I'm not one to complain about the passive voice every time I see it. Like all matters of style, it's a choice that depends upon the tone the author desires, the point the author wishes to emphasize, even the way a character would speak. ("Oh, his throat was cut," Holmes concurred, "but not by his own hand.") Here, it contributes to a staid feeling. It emphasizes the walls and the shelves, not the books. This is all wrong for a story that is supposed to be about the pleasures of learning, a story whose main character can't walk past a bookstore without going in. Moreover, the instigating conceit of the fanfic is that their love of learning was nurtured, rather than neglected. Imagine that character, their family, their family home, and step into their library. What do you see?

Books — every wall, books to the ceiling.

Bam, done.

This is the living-room of the house occupied by the eminent Professor Michael Verres-Evans,

Calling a character "the eminent Professor" feels uncomfortably Dan Brown.

and his wife, Mrs. Petunia Evans-Verres, and their adopted son, Harry James Potter-Evans-Verres.

I hate the kid already.

And he said he wanted children, and that his first son would be named Dudley. And I thought to myself, what kind of parent names their child Dudley Dursley?

Congratulations, you've noticed the name in a children's book that was invented to sound stodgy and unpleasant. (In The Chocolate Factory of Rationality, a character asks "What kind of a name is 'Wonka' anyway?") And somehow you're trying to prove your cleverness and superiority over canon by mocking the name that was invented for children to mock. Of course, the Dursleys were also the start of Rowling using "physically unsightly by her standards" to indicate "morally evil", so joining in with that mockery feels ... It's aged badly, to be generous.

Also, is it just the people I know, or does having a name picked out for a child that far in advance seem a bit unusual? Is "Dudley" a name with history in his family — the father he honored but never really knew? His grandfather who died in the War? If you want to tell a grown-up story, where people aren't just named the way they are because those are names for children to laugh at, then you have to play by grown-up rules of characterization.

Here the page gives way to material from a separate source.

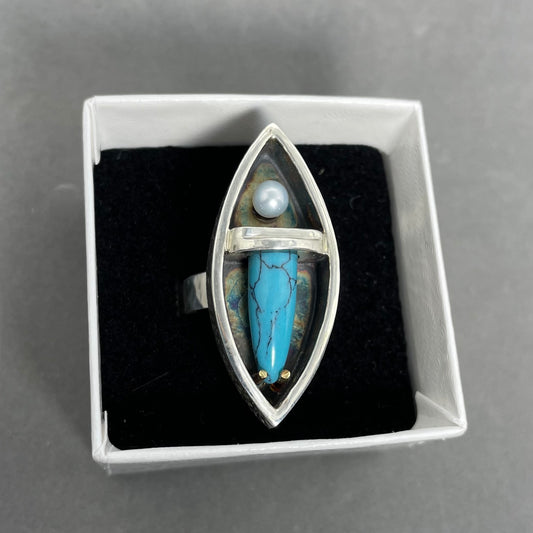 Framed Turquoise Ring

The whole stretch with Harry pointing out they can ask for a demonstration of magic is too long. Asking for proof is the obvious move, but it's presented as something only Harry is clever enough to think of, and as the end of a logic chain.

"Mum, your parents didn't have magic, did they?" [...] "Then no one in your family knew about magic when Lily got her letter. [...] If it's true, we can just get a Hogwarts professor here and see the magic for ourselves, and Dad will admit that it's true. And if not, then Mum will admit that it's false. That's what the experimental method is for, so that we don't have to resolve things just by arguing."

Jesus, this kid goes around with L's theme from Death Note playing in his head whenever he pours a bowl of breakfast crunchies.

Always Harry had been encouraged to study whatever caught his attention, bought all the books that caught his fancy, sponsored in whatever maths or science competitions he entered. He was given anything reasonable that he wanted, except, maybe, the slightest shred of respect.

Oh, sod off, you entitled little twit; the chip on your shoulder is bigger than you are. Your parents buy you college textbooks on physics instead of coloring books about rocketships, and you think you don't get respect? Because your adoptive father is incredulous about the existence of, let me check my notes here, literal magic? You know, the thing which would upend the body of known science, as you will yourself expound at great length.

"Mum," Harry said. "If you want to win this argument with Dad, look in chapter two of the first book of the Feynman Lectures on Physics.

Wesley Crusher would shove this kid into a locker.